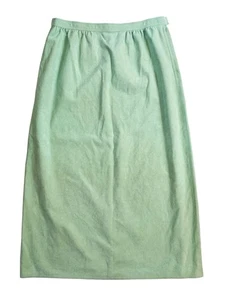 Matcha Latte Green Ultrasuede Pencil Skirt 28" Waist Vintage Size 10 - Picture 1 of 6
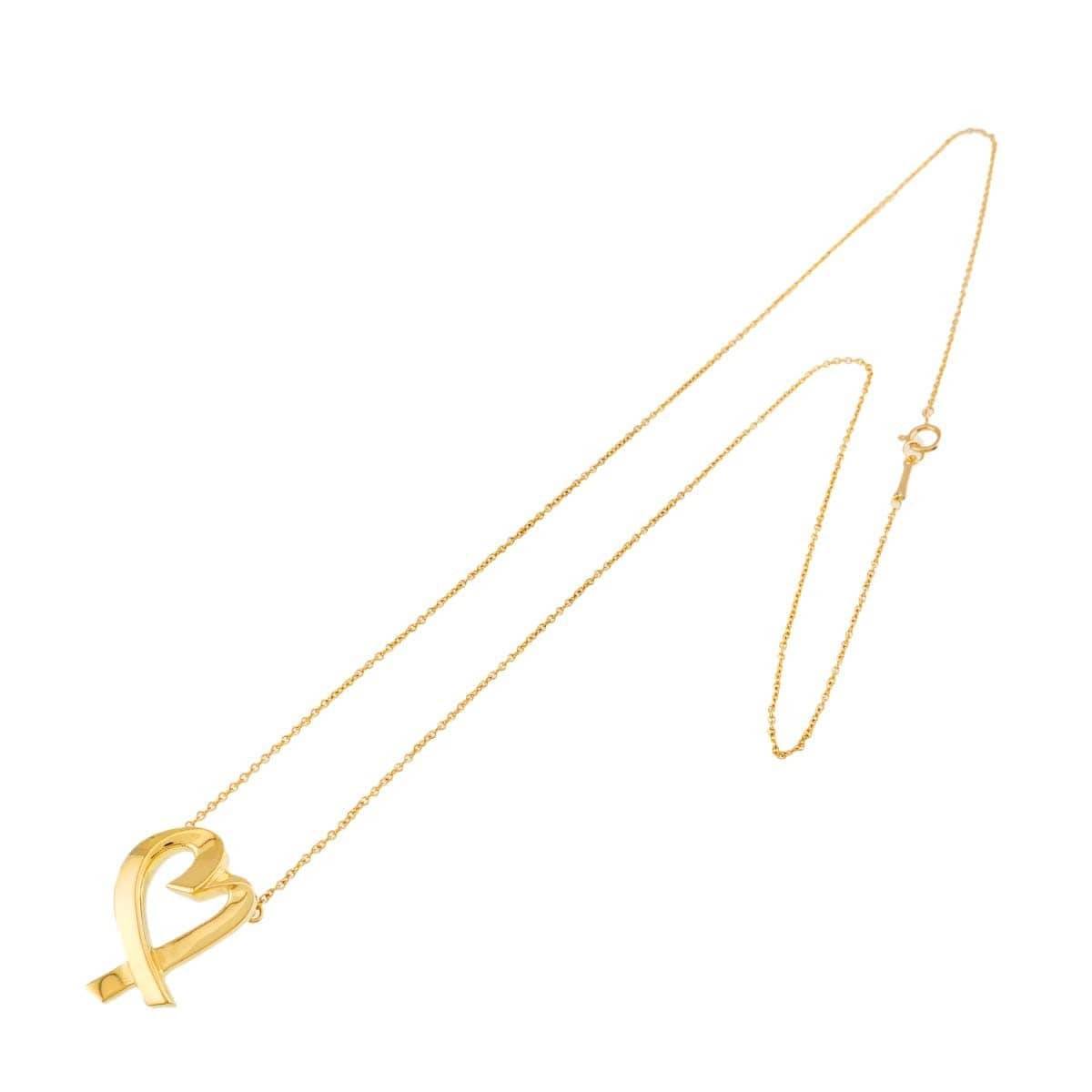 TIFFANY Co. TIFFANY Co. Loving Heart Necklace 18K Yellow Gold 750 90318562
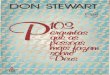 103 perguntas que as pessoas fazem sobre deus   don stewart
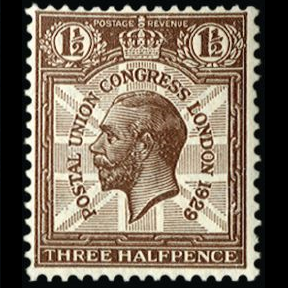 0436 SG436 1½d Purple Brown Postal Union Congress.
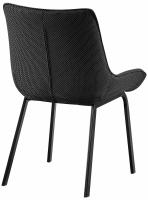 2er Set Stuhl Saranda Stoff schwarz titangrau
= = = = =
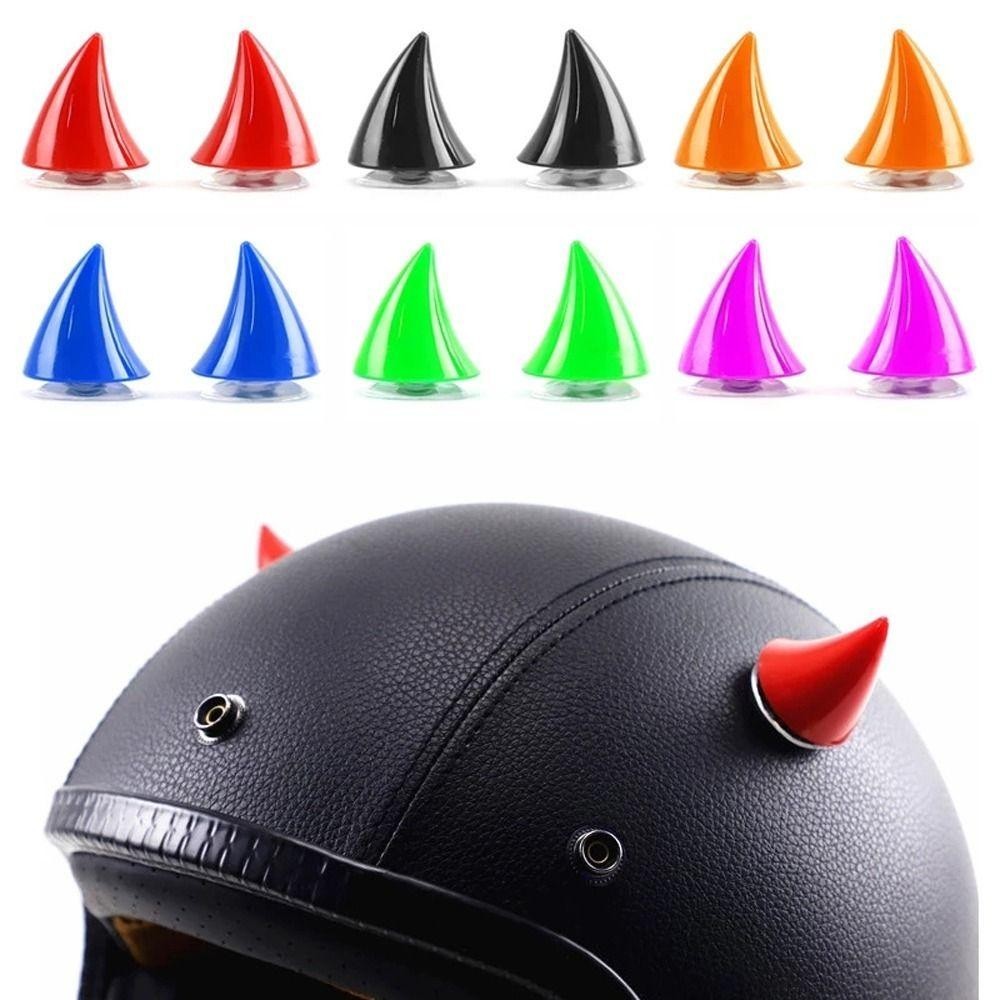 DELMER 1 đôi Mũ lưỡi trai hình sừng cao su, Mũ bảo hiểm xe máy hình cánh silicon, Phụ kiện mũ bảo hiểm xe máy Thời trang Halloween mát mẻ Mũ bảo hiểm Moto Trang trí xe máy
= = = = =
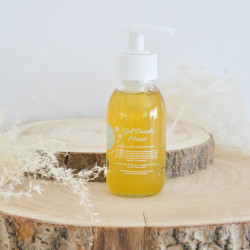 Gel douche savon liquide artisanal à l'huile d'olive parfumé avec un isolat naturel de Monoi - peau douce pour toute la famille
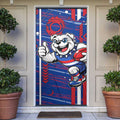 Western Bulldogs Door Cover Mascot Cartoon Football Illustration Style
= = = = =
-- ACTIVITY --
Look above for the line with "TIFFANY Co. TIFFANY" and the line with "2er Set Stuhl", then restate exactly those two lines and all lines between them, with no pictures.

-- SOLUTION TO THIS PROBLEM --
 TIFFANY Co. TIFFANY Co. Loving Heart Necklace 18K Yellow Gold 750 90318562
 103 perguntas que as pessoas fazem sobre deus   don stewart
 0436 SG436 1½d Purple Brown Postal Union Congress.
 2er Set Stuhl Saranda Stoff schwarz titangrau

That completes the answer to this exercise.